CONTENTS: Case 1: the delicious wine | Case 2: ‘refilly’ | Why is this important?

Case 1: the delicious wine
A number of years ago, I visited my favorite winery in the Alsace region (France). Two older ladies entered just in front of me. And they told the young lady behind the counter that they had a bottle of their ‘pinot gris’ the previous evening, during diner. And it was delicious, really D-E-L-I-C-I-O-U-S! And they wanted to take some bottles home, as a memory to their excellent vacation. This should have been an easy sale. But it wasn’t.

The winery has three distinct types of pinot gris: ‘portrait’, ‘terroir’ and ‘grand cru’. So the lady behind the counter asked which one they had during diner, the two ladies had no clue… No problem: you can taste the wines on the spot. So the young lady filled two glasses with a bit of the (cheap) pinot gris ‘portrait’, the older ladies immediately said it wasn’t that one. So the young lady started smiling and poured out the more expensive ‘terroir’, assuming it must have been that one. But it wasn’t… And also the grand cru didn’t match their memory. Eventually they bought two bottles pinot gris ‘portrait’, one each. Although they had the intention to buy much more when they came in… A classic case of missed sales.

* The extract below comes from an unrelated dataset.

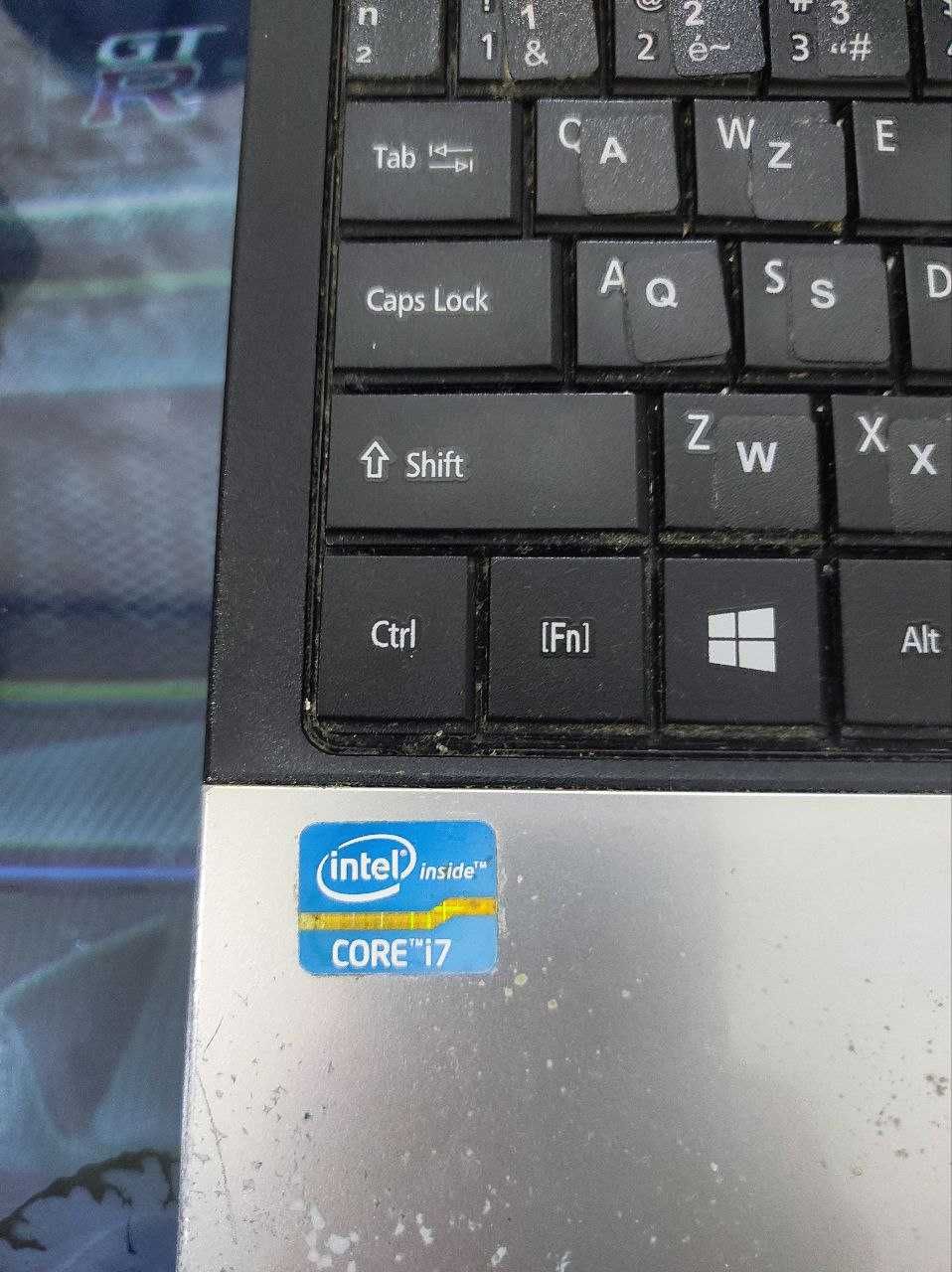 (На запчасти или восстановление) Acer Aspire E1-571G (i7)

I went home with a lot more wine, but that’s not relevant to the story. When I came home, I noticed that the labels had changed. And not only the label at the front of the bottle, also the one at the back, containing more information about the wine. And that label had a very interesting feature: it contained a small strip that could be teared of. So you could tear it of in the restaurant and take it home, to remember which wine you had. This is a very simple solution: a slightly different die cutting form. Nothing complicated. Nothing high tech. But it works.

Please keep in mind that at that time many people did not have a mobile phone with a camera, so they couldn’t make a picture of the label, which is a practical solution today. But even then: that picture sits on your smart phone and you forget it. If you have a physical piece of paper in your wallet, you will notice it one day, or the next.

A clever designed label can be a solution to missed sales.

A clever designed label can be a solution to missed sales.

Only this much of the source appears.